O limite mínimo é 3 anos e 6 meses ou 42 meses de pena de prisão por ser a pena mais elevada concretamente aplicada.
ii) À arguida BB:
O limite máximo será a soma de todas as penas, que dá um cálculo de 91 anos de prisão (26 crimes de abuso sexual de criança, p. e p. pelo artigo 171.º, n.º 1 e 2, do Código Penal, na pena de 3 (três) anos e 6 (seis) meses de prisão cada um, o que equivale a 42 meses x 26=1092:12= 91 anos).

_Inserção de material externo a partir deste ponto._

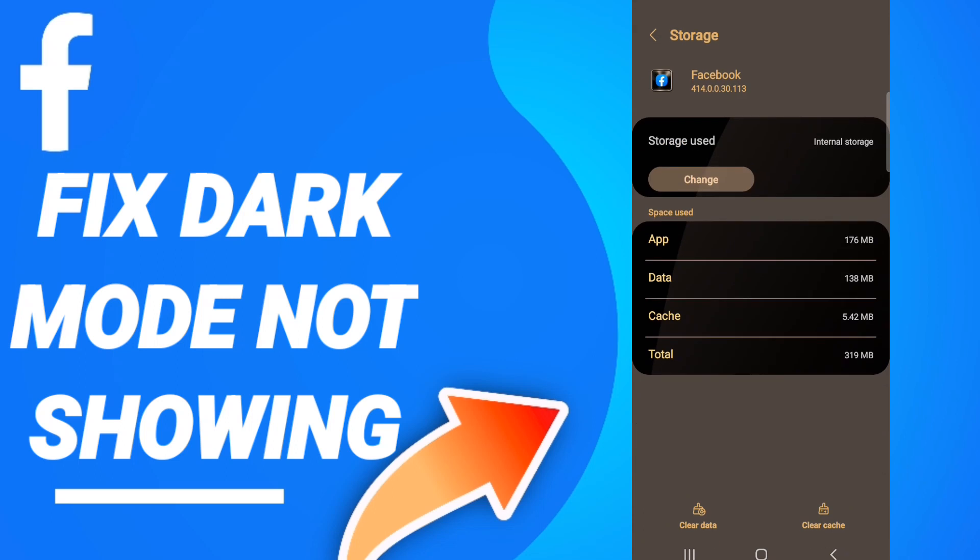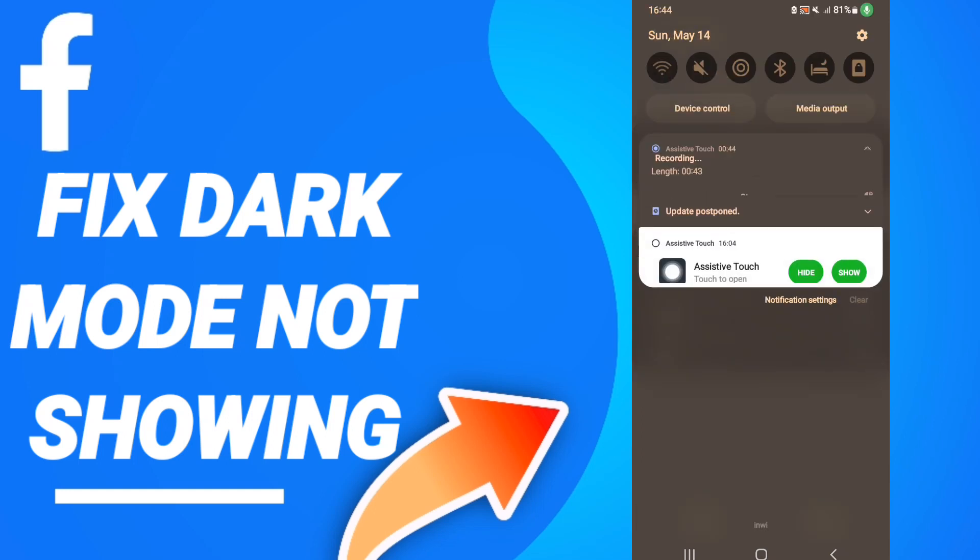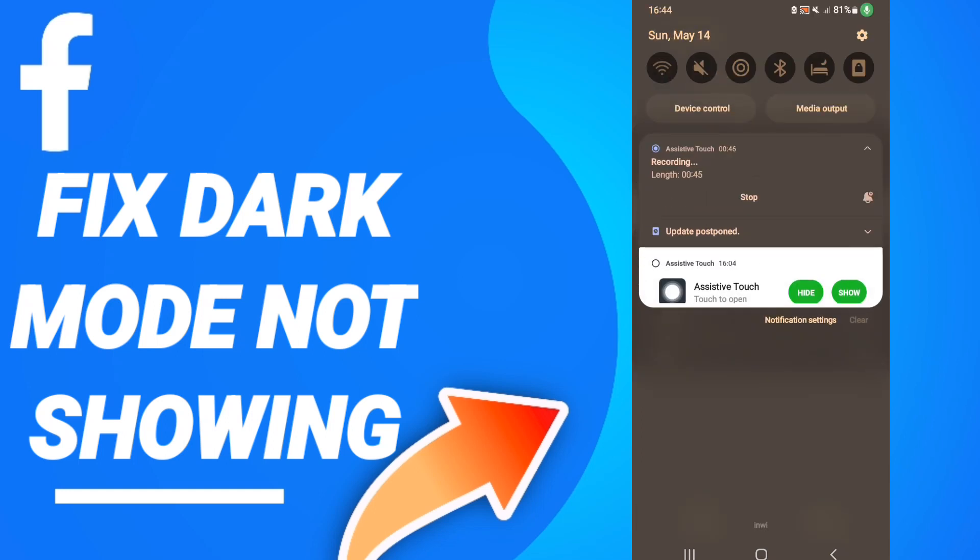After that, we click clear cache, then we go to click clear data. When you will end all this stuff here as you see, you can turn off your Wi-Fi. So please don't forget to support us by like and subscribe.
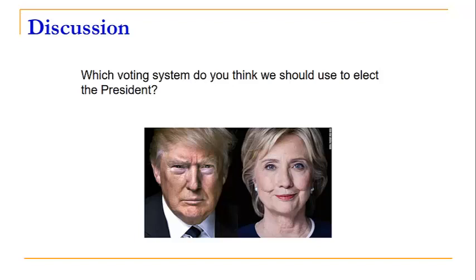Our next step will be to consider the manipulability of these voting systems.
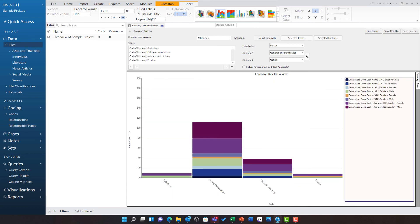As with any visualization in NVivo, I can right click and export these results.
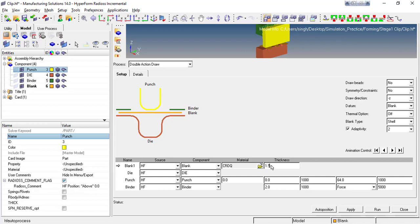The blank thickness is very important — in this case my blank thickness or sheet thickness is 1.5. The die component is fixed, so no need to define external parameters for it. For the punch component, the source is the HyperForm component.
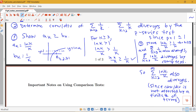That gives you an idea of how to use the direct comparison test — both showing that a series diverges by showing it's bigger than something that diverges, and showing a series converges by showing it's smaller than a series that converges. Watch the next few video lectures to learn more about the limit comparison test in particular.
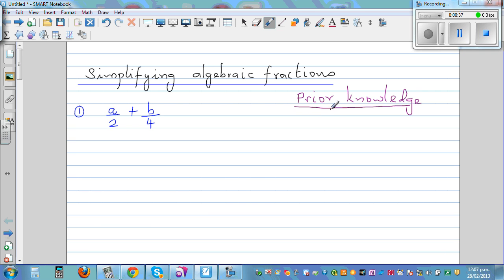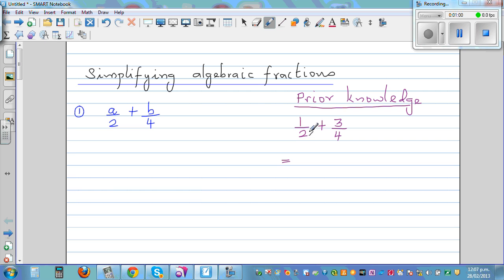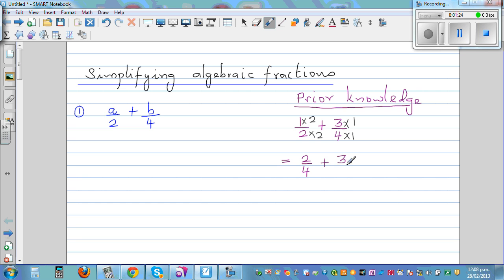Let's start with adding fractions. Suppose you have one half plus three quarters. When you're adding or subtracting fractions, the basic rule is you have to make the bottom numbers — the denominators — equal. I can make two into a four by multiplying by two, and I do the same to the top. So one half becomes two quarters. Two quarters plus three quarters is five quarters, which is one and one quarter.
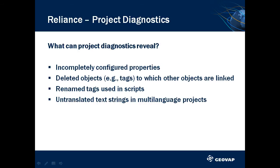Issues can be caused, for example, by entering incomplete property values, by deleting objects such as tags to which other objects are linked, by renaming tags used in scripts, or by not translating a text string used in a multi-language project.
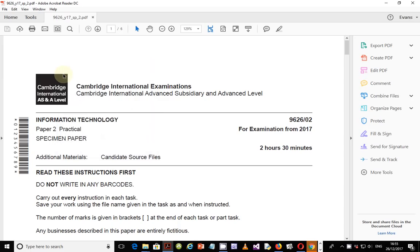Hello guys, my name is Evans and welcome to this video tutorial. In this tutorial, I'm going to start looking at the A-Level Information Technology 9626 papers. You guys have asked me to do some videos on the A-Level practical papers for IT. In the next couple of weeks, I'll be looking at some of these videos, and for this tutorial in particular, we'll be looking at Paper 2 practical.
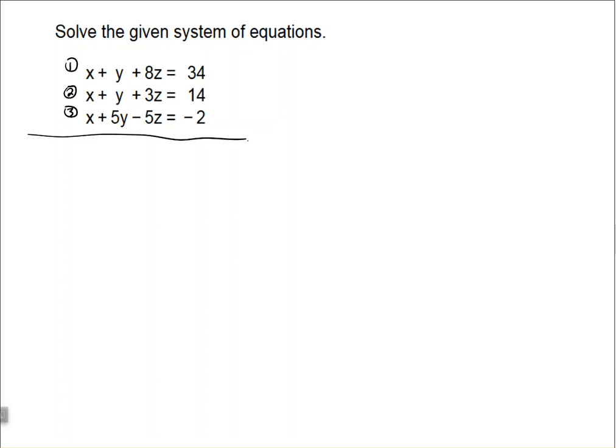Our initial goal is to eliminate a variable — we have to do it twice. I'm going to eliminate x. My first step, I'm going to take equation one and equation two, combine those, and eliminate the x variable. Then I'm going to use equation two and equation three, combining those and eliminating x as well. Then I'll take the two new equations and solve from there. Let's start by eliminating x from equations one and two.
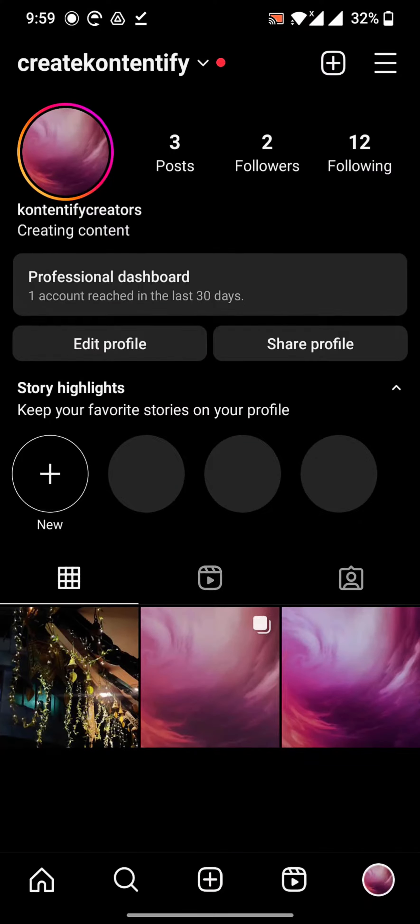Hey guys, welcome back to my channel. In this video I am going to show you how to make a professional Instagram account in few seconds. This is very simple — you just have to go to your profile page in Instagram.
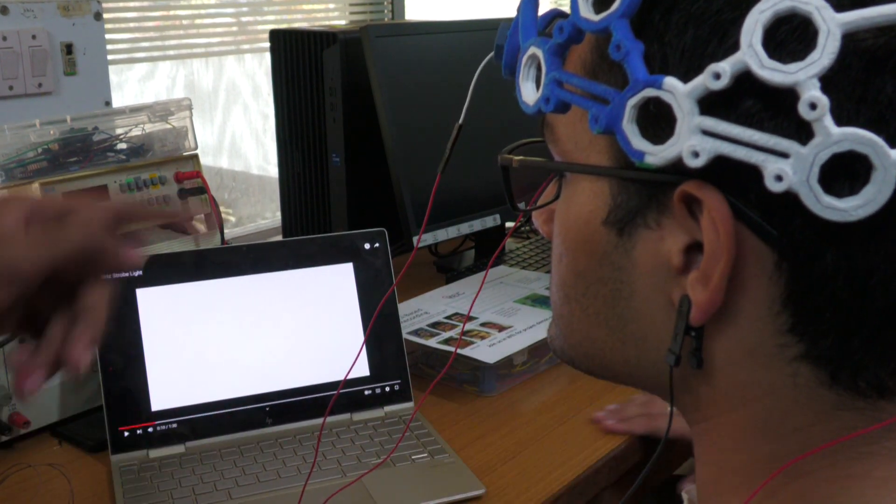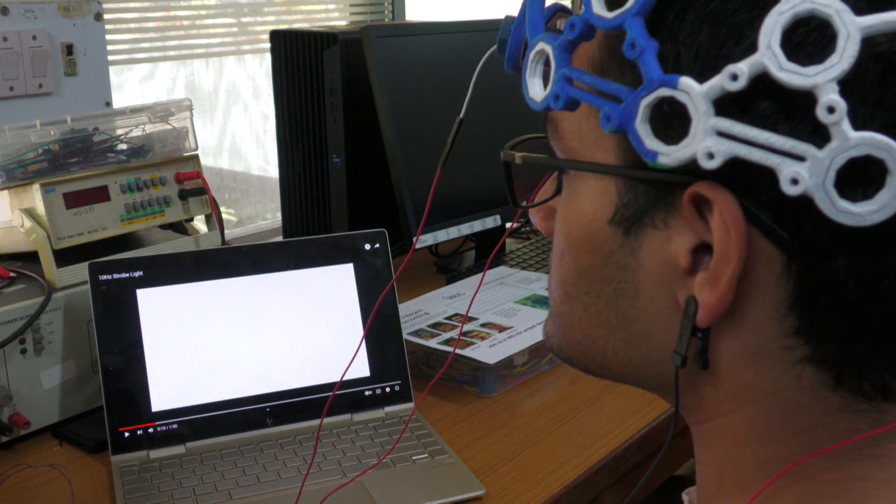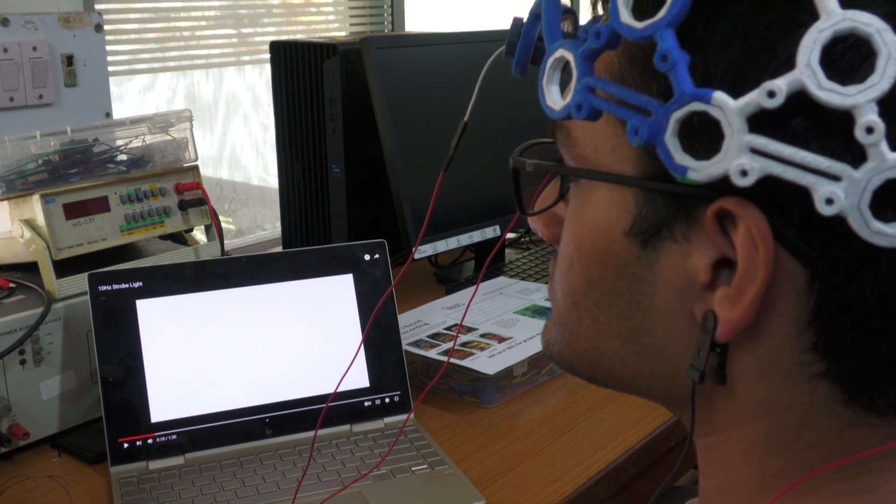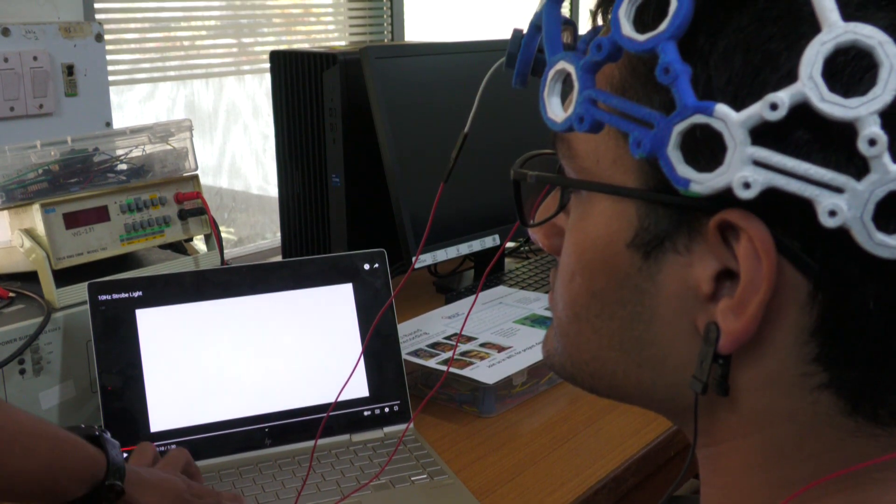So the subject will first blink a few times and then we shall expose him to the strobe lights.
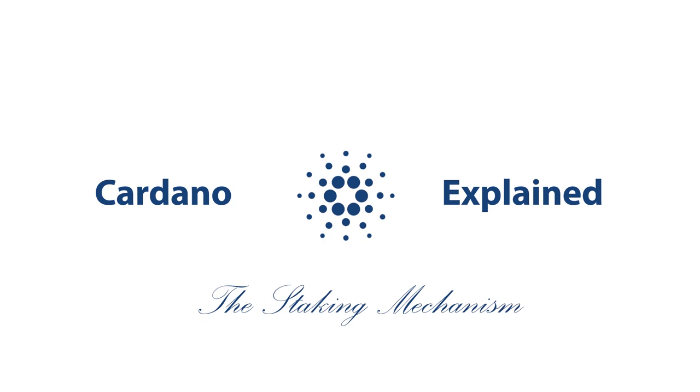In this video I'll explain all the terms associated with the Cardano staking mechanism, so you can maximize the returns on your stake.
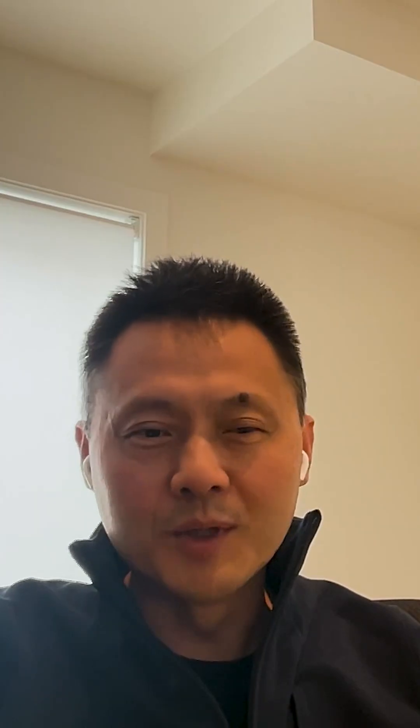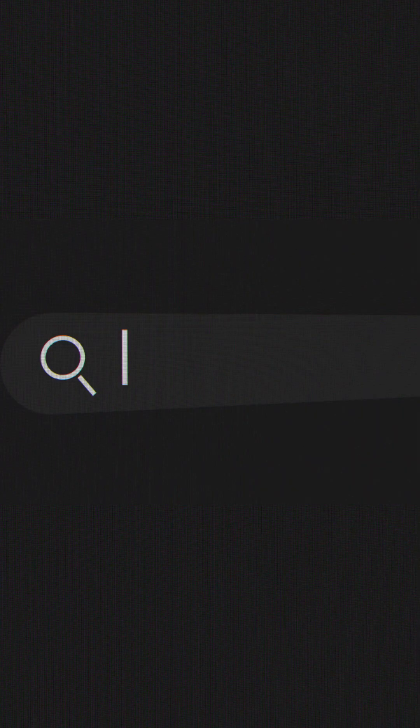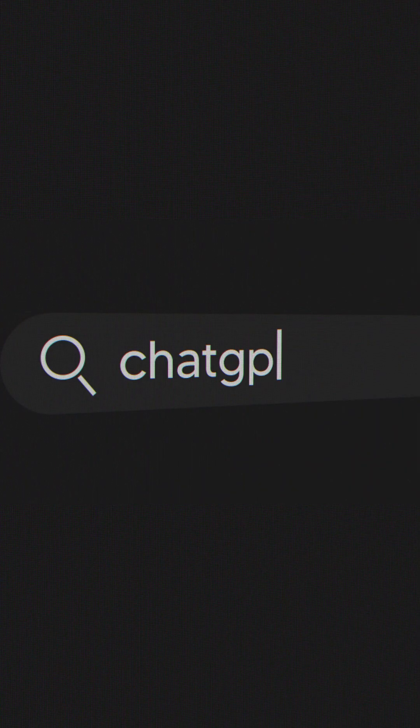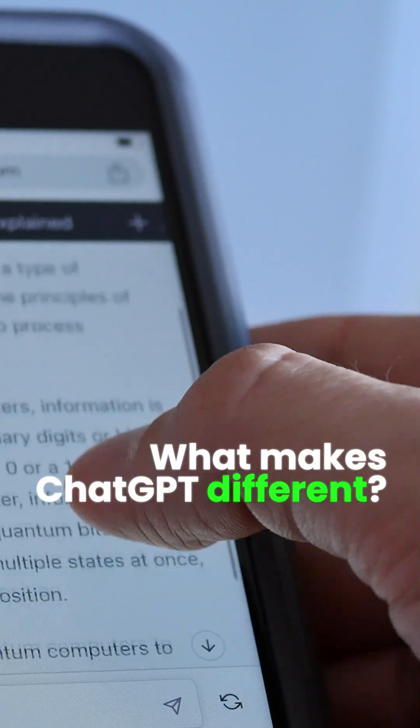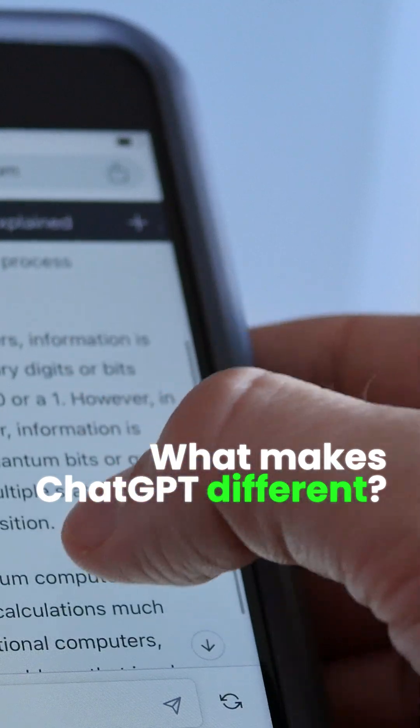What makes ChatGPT different? It's a gigantic feature. Think about it — I'm pretty sure you use ChatGPT all the time. But what makes ChatGPT different? I think that's the secret sauce.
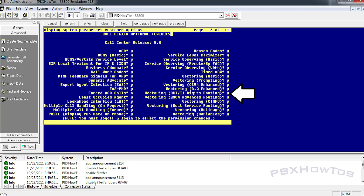Hey guys, CJ here, PBXYoutos. I forgot to add the requirements part in front of this video, so I'm doing that now. Basically the requirements are you want to have Vectoring ANI two-digit routing set to yes, and that's a licensed item. If you don't have it, contact your business partner or Avaya and see about getting that turned on. See if you can get that turned on via license and you'd be good to go to do vector routing tables and a number of other things.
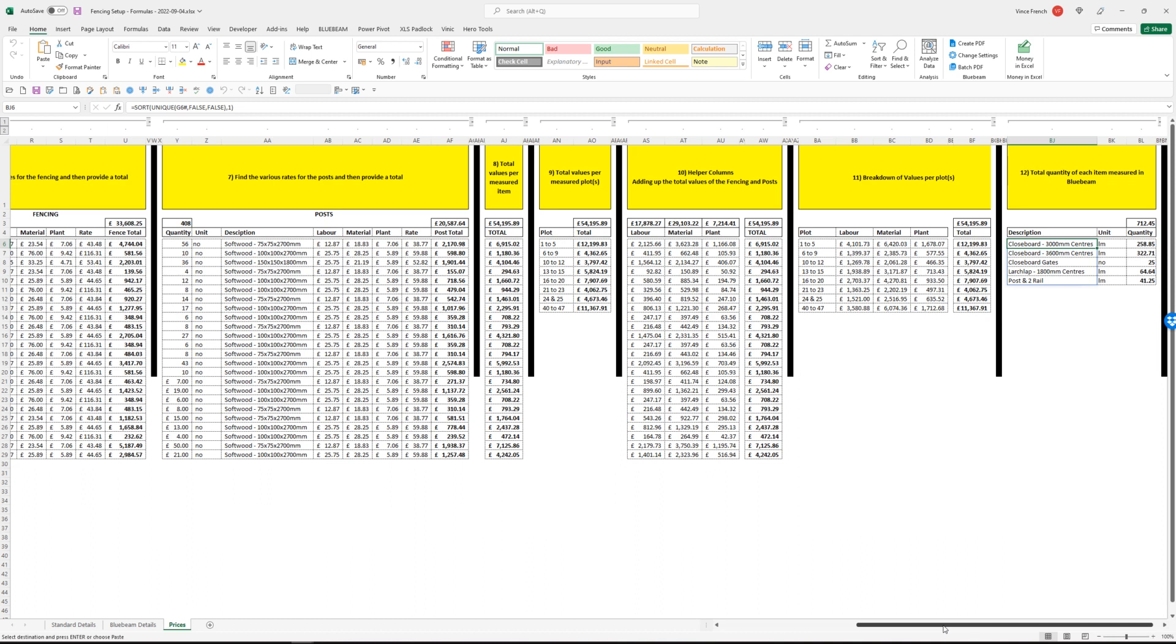But we're trying to just do this example with just basic formulas, no macros, no power queries, because that's what we'll be using in stage four. Yep, that's it for stage three. Thanks, bye.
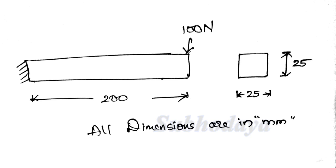Now today we are going to deal with a small problem, a cantilever beam. This is our problem: a cantilever beam of span 200 mm containing a load of 100 newtons in the downward direction and a fixed support. The cross section area of this beam is 25 by 25.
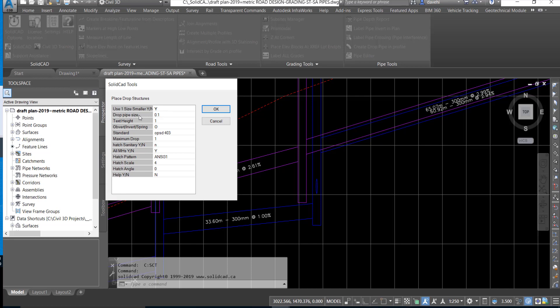The drop pipe size can also be set to a default size should the above be set to No. We can configure the text height.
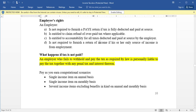An employee is entitled to accountability for all taxes deducted and paid at source by the employer. Additionally, an employee is not required to furnish a return of income if his or her only source of income is from employment. So those are the four rights of an employee: not required to furnish a PAYE return if tax is fully deducted at source; entitled to a refund in case of overpayment; entitled to accountability for all taxes; and not required to furnish a return of income if the only source is employment.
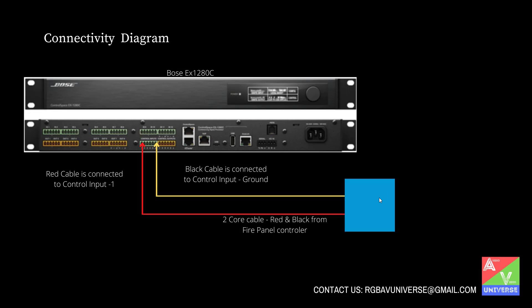We need a 2 core cable from fire control panel which will be provided by BMS team. Once we get the 2 core cable, red color cable is connected to control input 1 and black is grounded. This is the physical connection that we have to do before we start programming.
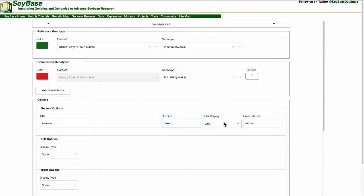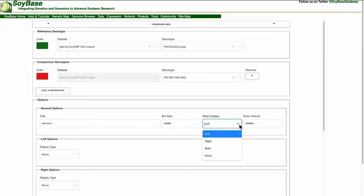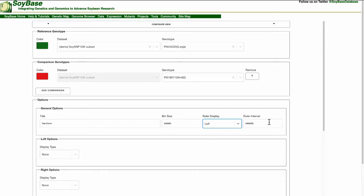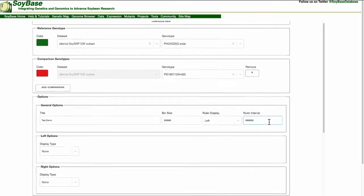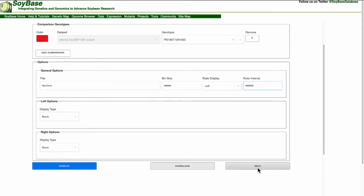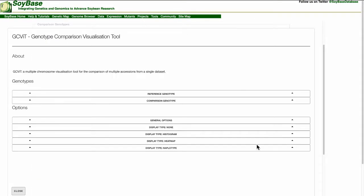Bin size controls the number of base pairs used for the comparisons. Ruler display is where the ruler should be displayed on the picture. This includes the left-hand side, right-hand side, both sides, or no ruler at all. And finally ruler interval is the number of base pairs between major divisions on the ruler. For more information on these options please refer to the help documentation at the bottom of the screen.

Uma vez que, o limite máximo não pode ultrapassar os 25 anos, temos que, será este o seu limite máximo.
O limite mínimo é 3 anos e 6 meses ou 42 meses de pena de prisão por ser a pena mais elevada concretamente aplicada.
5. Dentro da referida moldura legal do cúmulo, a determinação concreta da medida da pena será efetuada nos termos do artigo 71º do Código Penal. Assim, como tem sido defendido pela doutrina, a culpa fixará o limite máximo inultrapassável da pena, enquanto a prevenção geral de reintegração fornecerá uma moldura de prevenção dentro da moldura legal (limite mínimo), acabando a pena concreta por ser encontrada, dentro destes limites, de acordo com as exigências de prevenção especial de ressocialização.
6. Em face dos limites suprarreferidos, temos que o meio da pena entre os dois seria os 14 anos e 3 meses, ou 171 meses (25 anos (= 300 meses) – 42 (3 anos e 6 meses) = 258:2= 129; 300-129=171 e 42+129=171).
7. É deste meio da pena encontrado que deve o julgador partir para fixar o quantum em termos de cúmulo, atendendo aos factos e a personalidade do arguido e aos critérios do artigo 71.º do Código Penal que conforme o caso, operará o desconto ou a soma, mediante existam atenuantes ou agravantes.
8. Tem-se por entendido que este “meio” - no caso concreto os 14 anos e 3 meses - dá a ideia ao julgador da média culpa dos arguidos.
9. Ora, se atendermos, que a pena concretamente aplicável em momento algum, pode ultrapassar a medida da culpa (40.º, n.º 2, do Código Penal), concluímos que, no caso dos autos e uma vez que, no douto Acórdão, considerou a culpa dos arguidos mediana, o limite máximo da pena a considerar seria desse modo os 14 anos e 3 meses.
10. Por outro lado, devemos atender que o limite mínimo – no caso concreto de 3 anos e 6 meses - equivale ao mínimo de garantia das necessidades de prevenção geral que o presente caso requer, que como referiu o douto Acórdão são “fortíssimas exigências de prevenção geral”.
11. Pelo que, temos uma diferença de 10 anos e 9 meses (diferença entre os 14 anos e 3 meses e os 3 anos e 6 meses) entre estes limites da pena em cúmulo jurídico, comparativamente com o 1 ano e 6 meses (diferença entre os 5 anos e os 3 anos e 6 meses) da pena aplicada no douto Acórdão que aqui se recorre.